━━━━━ MATERIAL FOR THE TASK

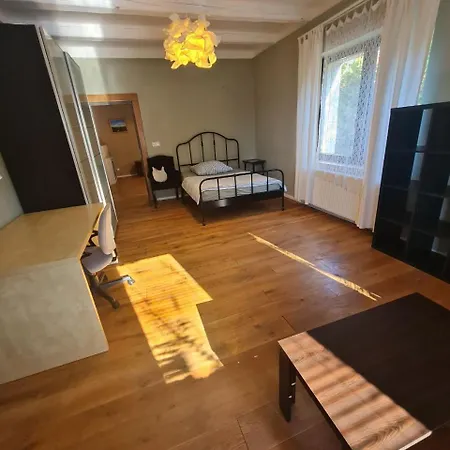 Apartment Airport Private Apartment, Advance Registration, No Reception, Self Check-in, Calm Environment, Non-smoking Guests Tuchomerice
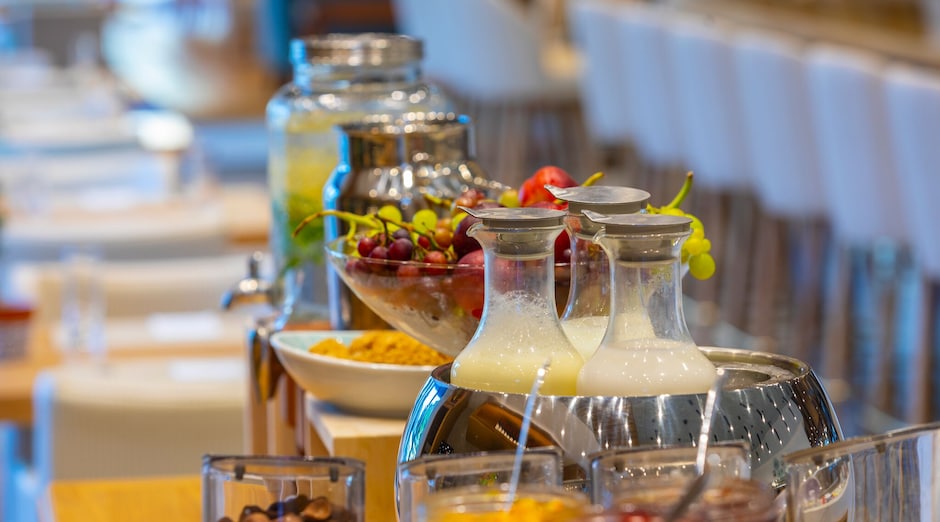 Anemi Hotel & Suites 9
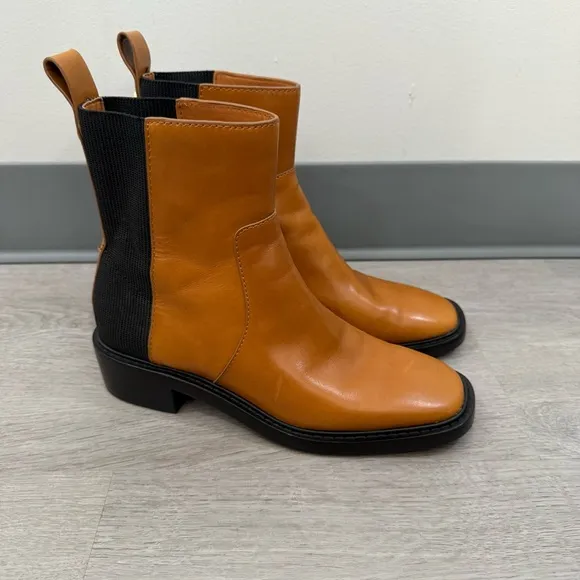 Tory Burch Chelsea Boots Bonnie Brown in Light Brown Leather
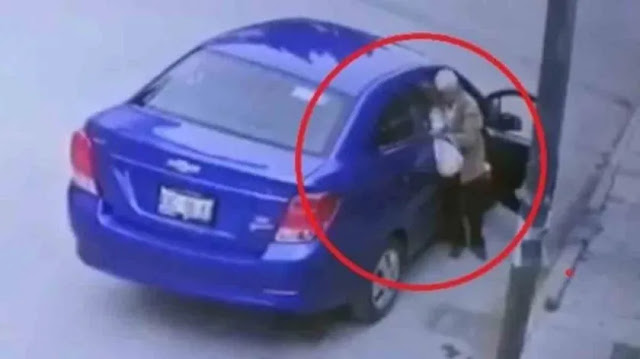 Una persona de la tercera edad es abandonado por un carro azul en Puebla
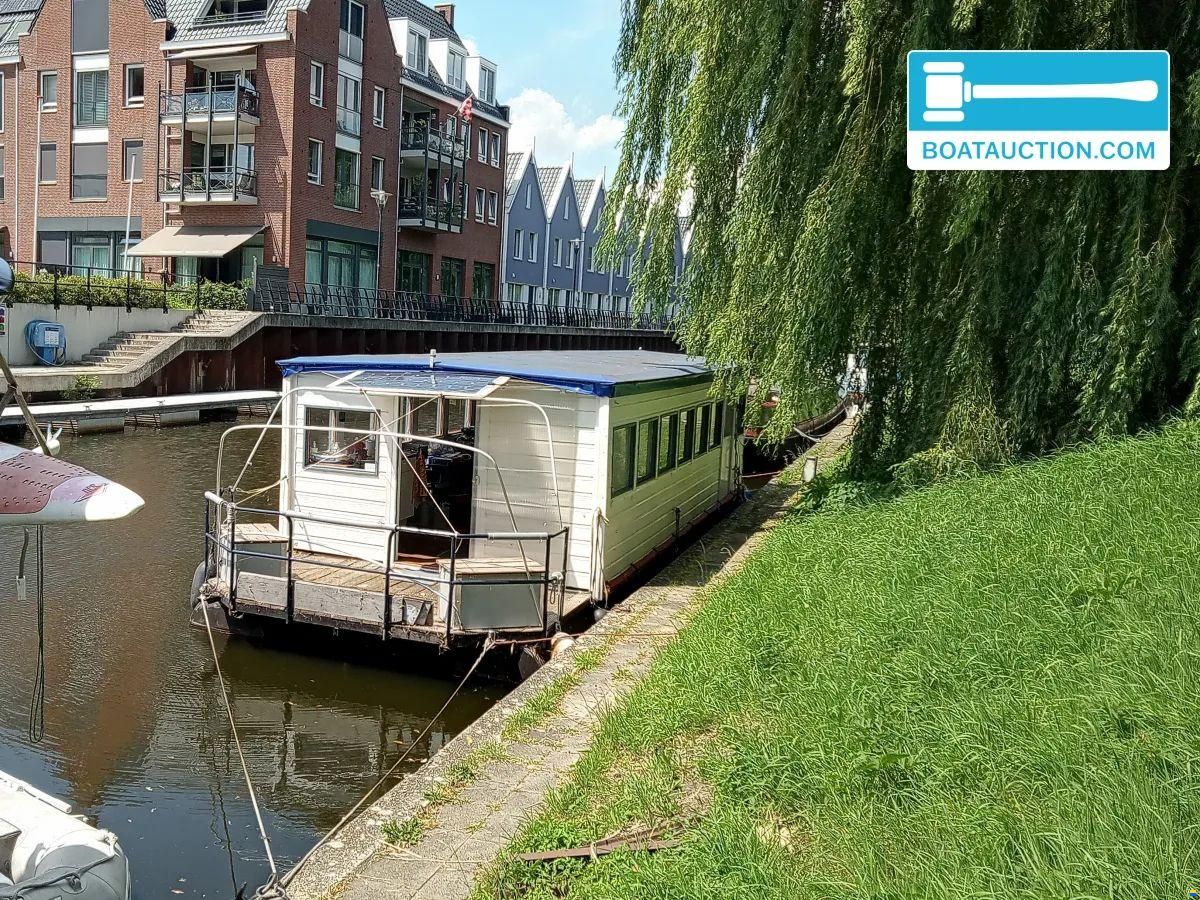 Woonboot 1100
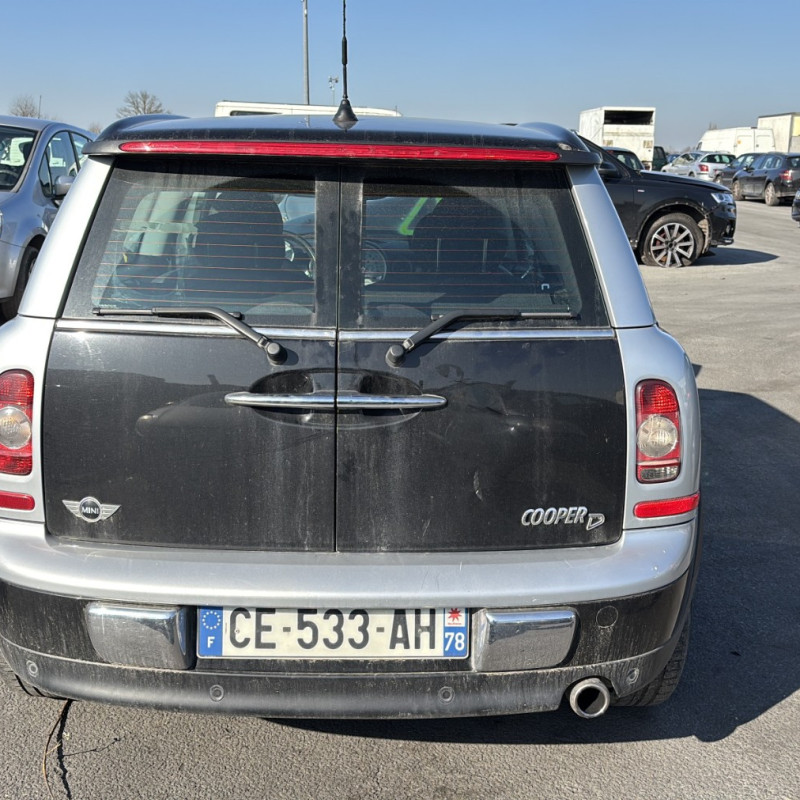 MINI MINI 2 R55 CLUBMAN PHASE 1 BREAK 1.6D - 16V TURBO COOPER D Photo n°15
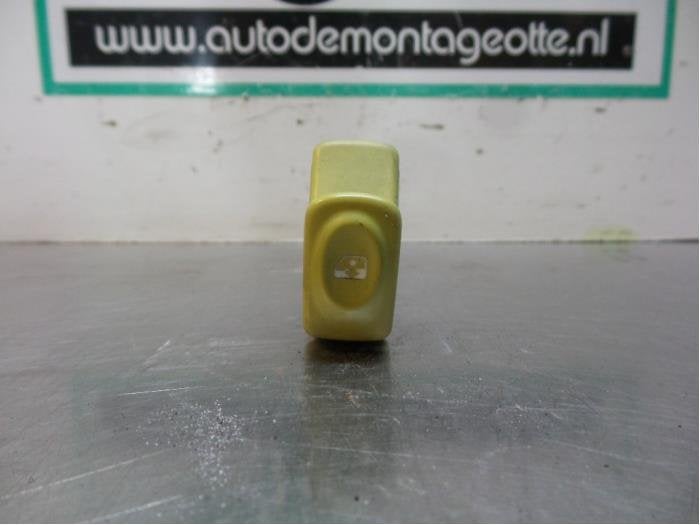 Commutateur vitre électrique d'un Renault Twingo (Twingo 98, Renault, -, 3 mois de garantie, Utilisé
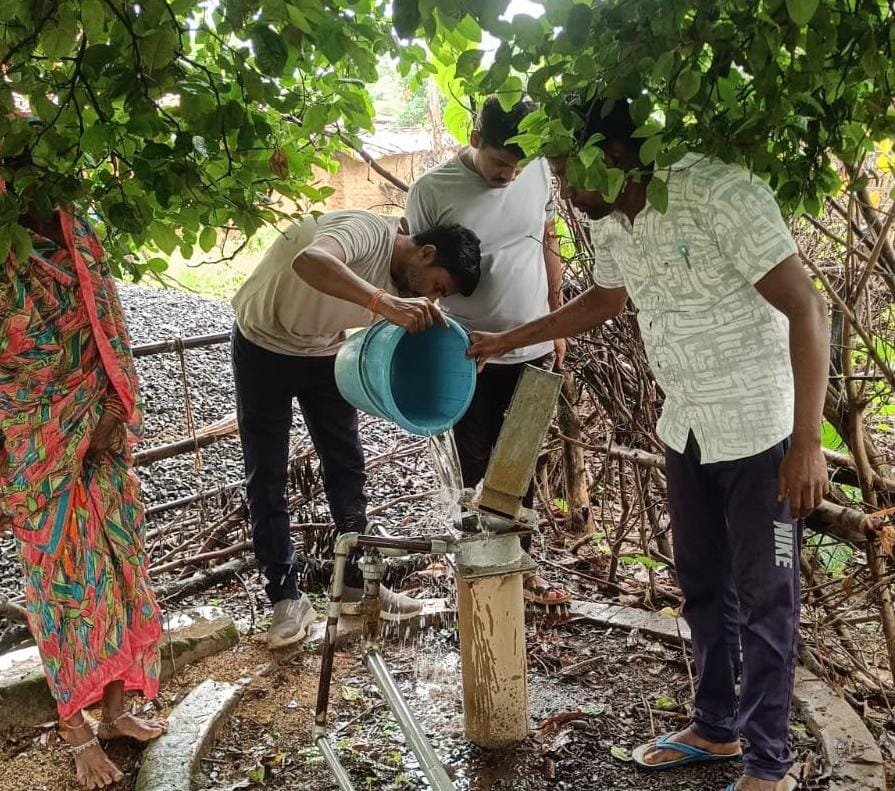 स्वच्छ जल से बदली जिंदगी: क्लोरीनेशन अभियान ने ग्राम रांपा के ग्रामीणों को दिया सुरक्षित पेयजल का भरोसा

━━━━━━━━━━

TASK OBJECTIVE: Because only the text is wanted, repeat all the entries exactly and leave out the pictures.

RESPONSE BELOW:
 Apartment Airport Private Apartment, Advance Registration, No Reception, Self Check-in, Calm Environment, Non-smoking Guests Tuchomerice
 Anemi Hotel & Suites 9
 Tory Burch Chelsea Boots Bonnie Brown in Light Brown Leather
 Una persona de la tercera edad es abandonado por un carro azul en Puebla
 Woonboot 1100
 MINI MINI 2 R55 CLUBMAN PHASE 1 BREAK 1.6D - 16V TURBO COOPER D Photo n°15
 Commutateur vitre électrique d'un Renault Twingo (Twingo 98, Renault, -, 3 mois de garantie, Utilisé
 स्वच्छ जल से बदली जिंदगी: क्लोरीनेशन अभियान ने ग्राम रांपा के ग्रामीणों को दिया सुरक्षित पेयजल का भरोसा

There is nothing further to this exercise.